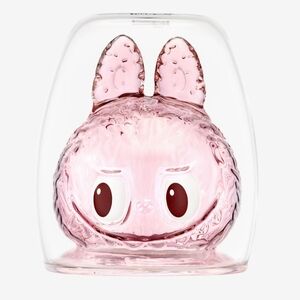 THE MONSTERS CHEERS SERIES - Double Walled Glass NIB - Romance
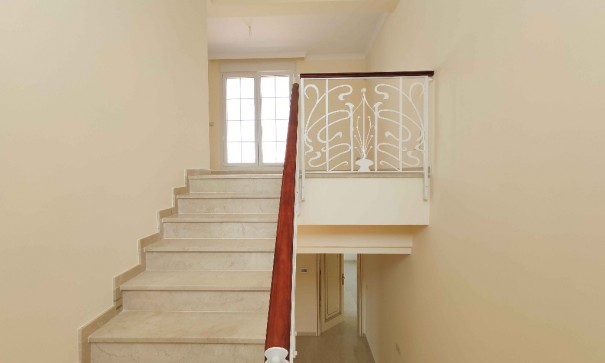 Obra Nueva - Chalet Independiente -
Cabo Roig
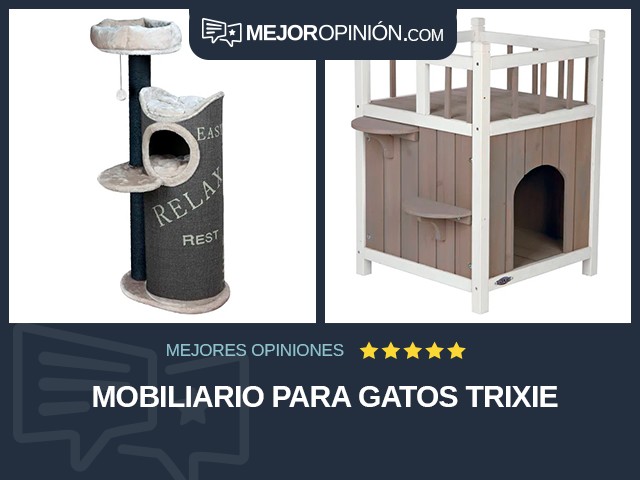 Mobiliario para gatos TRIXIE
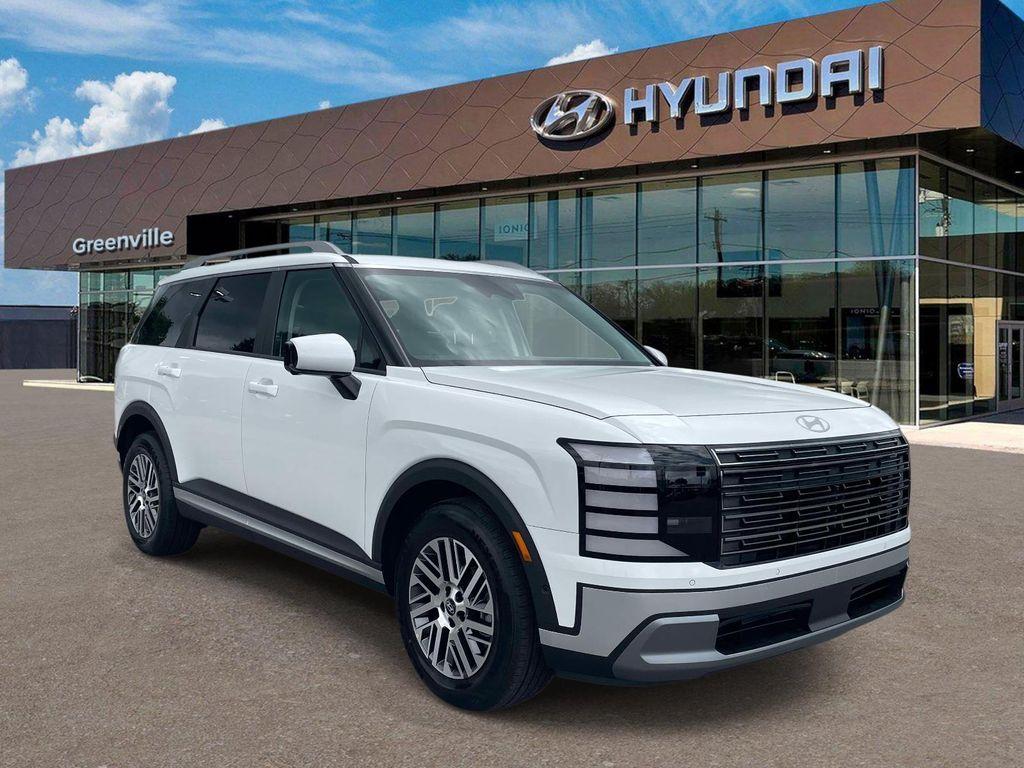New 2026 Hyundai PALISADE SEL
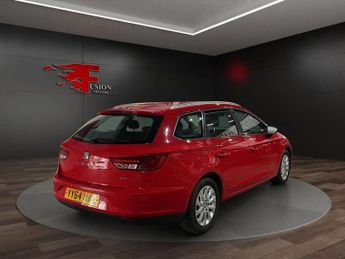 SEAT LEON 1.6 TDI CR SE Sport Tourer 5dr Diesel Manual Euro 5 (s/s) (105 p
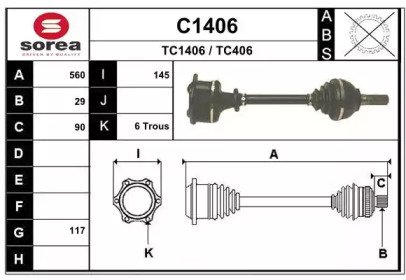 SNRA C1406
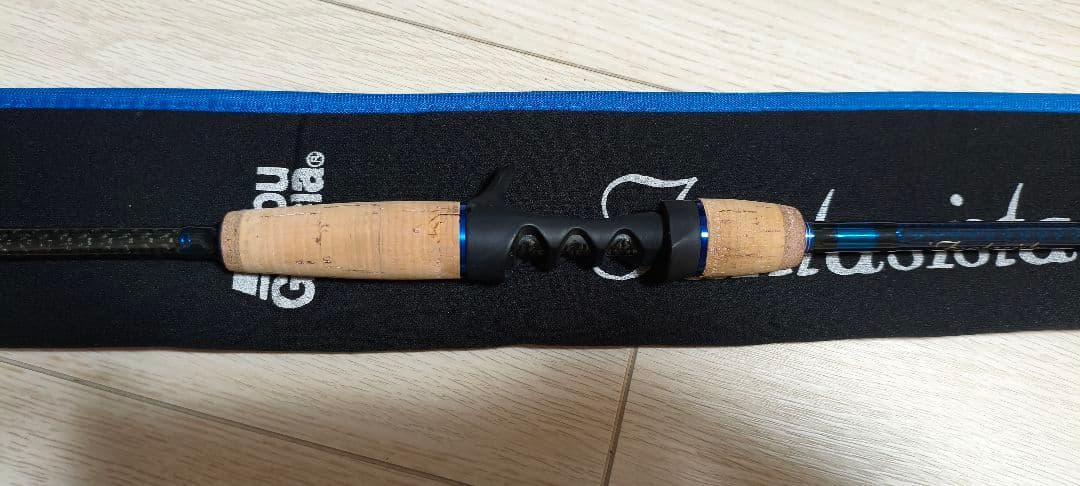 綺麗な美品 Deez FDC-69L+MGS　Bait Finesse 3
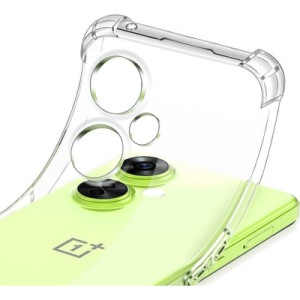 Чехол для мобильного телефона BeCover Anti-Shock OnePlus Nord CE 3 Lite Clear (709851)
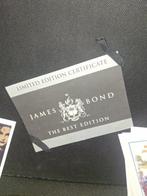 James Bond - James Bond The Best Edition - Multiple titles -, Nieuw
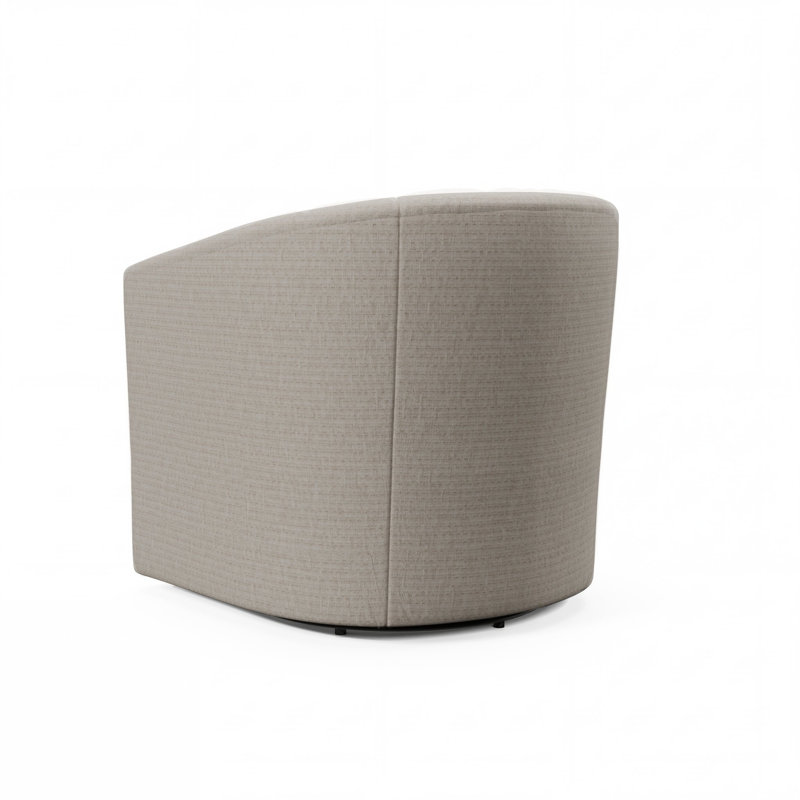 Chaise pivotante Candice, 2709-11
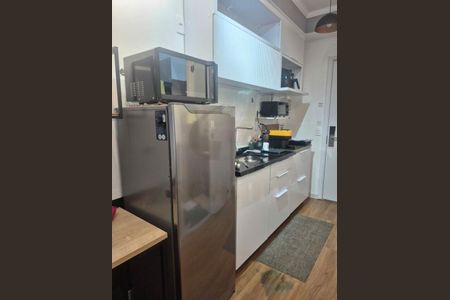 Apartamento à venda com 1 quarto, 28m² em Santo Amaro, São Paulo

# # # # # # #

● **Assignment**: Up in the listing, locate the line with "綺麗な美品 Deez FDC-69L+MGS　Bait Finesse 3"; print it and every line after it down to the line with "Chaise pivotante Candice, 2709-11", which is included too. Skip the pictures.

● **Result**:
 綺麗な美品 Deez FDC-69L+MGS　Bait Finesse 3
 Чехол для мобильного телефона BeCover Anti-Shock OnePlus Nord CE 3 Lite Clear (709851)
 James Bond - James Bond The Best Edition - Multiple titles -, Nieuw
 Chaise pivotante Candice, 2709-11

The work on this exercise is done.